As part of an in depth retail audit, numerous facets of the general retail experience will be measured, often without the knowledge of the store staff.
- The layout of the store and the location of promotional displays and signs might not seem particularly important, but there is often a genuine correlation between where products are stocked and in what quantity they are bought. For example, just putting the product at the front of the store doesn’t necessarily guarantee it’ll be bought. An audit will be able to measure the effectiveness of your current layout and reorganise accordingly, so that the displays engineered towards certain markets that drive sales, are in locations that make the most commercial sense.
- Corporate branding is all about consistency, making people feel as if they could be in a store in Manchester or Mumbai, but will still be getting the same (or at least a directly comparable) experience. An audit will make sure that all retail stores comply with corporate branding policies as well as signage guidelines. There’s also the factor of brand standards to take into consideration. Certain brands demand a certain level of quality and in some cases, a certain level of promotional space depending on deals that might be in place between the retailer and each individual brand.
- Stock levels are another facet that will be measured and improved by an audit. This includes the systems that let the store know when a product is out of stock and whether or not the stock levels of certain items are appropriate regarding how popular (or unpopular) they are. An audit will also make a note of any sales that are lost due to a stock shortage.
- Pricing is a tricky one, as it could be set by the individual brands, but when it comes to items that your business can control the retail price of, a retail audit will measure how effective certain products are at certain price points. If they feel a product is over-performing, they will probably increase the retail price, whereas the opposite will be true if it’s not selling particularly well.
- Competitive pricing is another important facet that will be measured by a retail auditor, who will use competitive price tracking to determine where you fit within local and national competing businesses.
- Brand and product recommendation is something that many auditing services offer. This is especially useful if they work often in your specific industry, as they will be able to recommend products and/or brands that are selling well elsewhere.

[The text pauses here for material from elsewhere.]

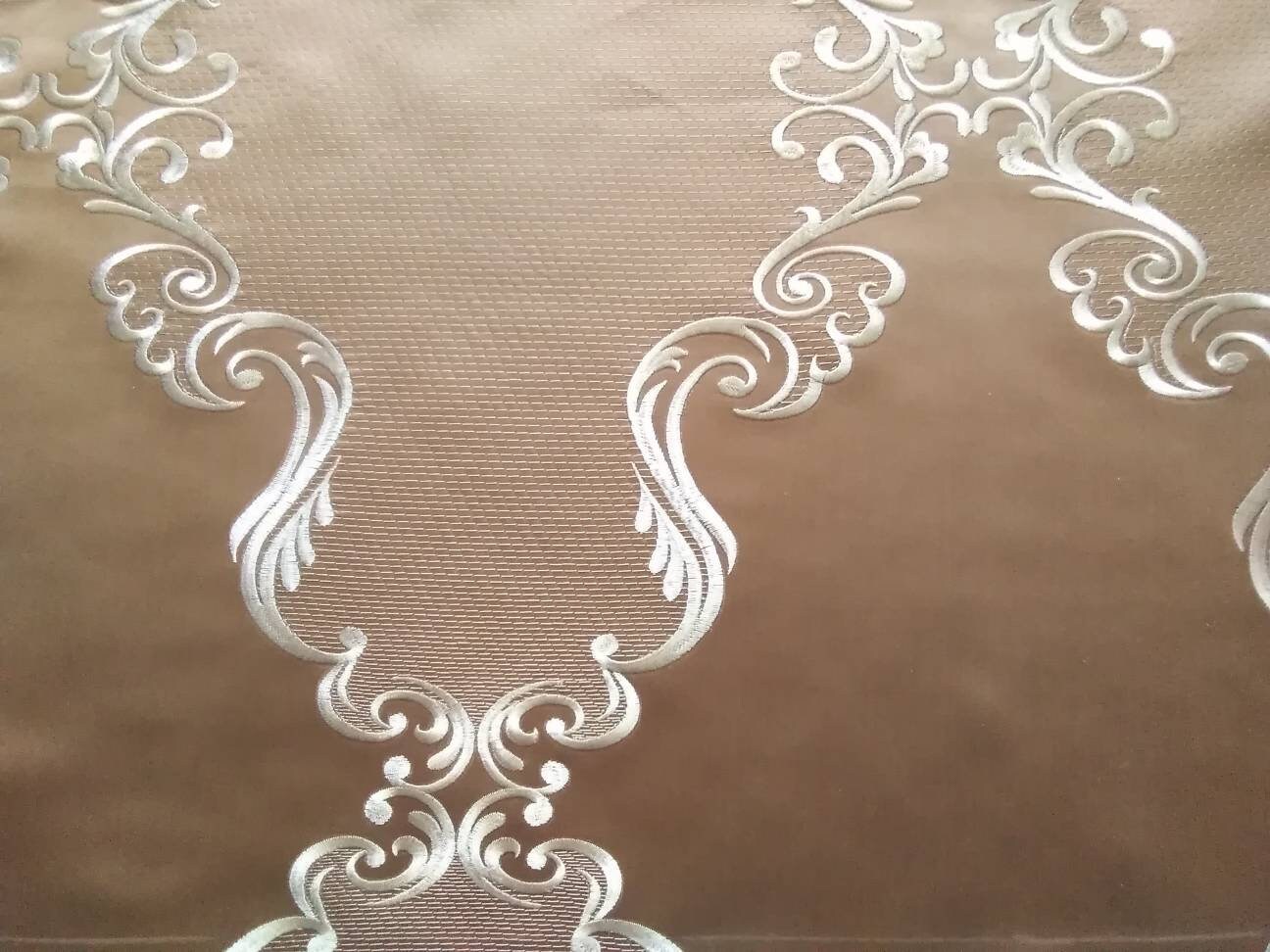 Satin fabric with classic embroidery Etsy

- Behind the scenes measures might also be taken if there are staff members or ongoing practices that don’t appear to be working effectively or making commercial sense. This is often a final measure though.
What do they use?
When a Field Marketing Company takes out a retail audit they’ll typically use a PDA or tablet, which can communicate directly with the higher-ups at the company and keep them up to speed with live reports as they happen. They will also use these devices to capture photographic evidence and signatures, which will be stored online and shared with the client. This means that issues can be dealt with in real-time as an audit is happening, and that any issues in the supply chain can be highlighted and corrected.
After the Audit
After the audit you will be provided with a complete report of everything they auditors have learned. This will be followed by a list of changes that they feel should be implemented to make your business run more effectively and maximise your sales. Of course, if this is an audit taken out by a third party agency, you don’t technically have to follow every piece of advice. But these guys know what they’re doing, so you would be wise to listen and learn. It could be the difference between success and failure!